◆ **DATA SECTION**
--- START ---

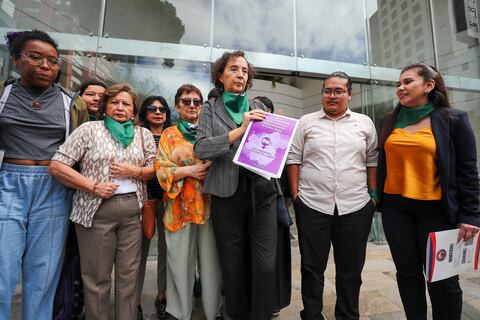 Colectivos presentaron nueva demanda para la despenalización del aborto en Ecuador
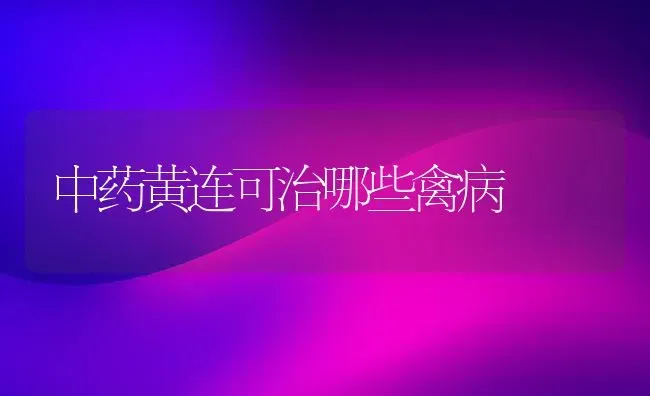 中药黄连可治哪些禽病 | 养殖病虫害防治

--- END ---
--- START ---

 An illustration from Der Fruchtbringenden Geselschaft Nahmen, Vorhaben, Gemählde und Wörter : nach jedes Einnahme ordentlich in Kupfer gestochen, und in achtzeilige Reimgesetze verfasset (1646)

--- END ---

◆ **PROBLEM REQUIREMENTS**
No picture is to be printed. Output exactly the lines above from the line containing "Colectivos presentaron nueva" through the line containing "中药黄连可治哪些禽病 | 养殖病虫害防治".

◆ **ANSWER BOX**
 Colectivos presentaron nueva demanda para la despenalización del aborto en Ecuador
 中药黄连可治哪些禽病 | 养殖病虫害防治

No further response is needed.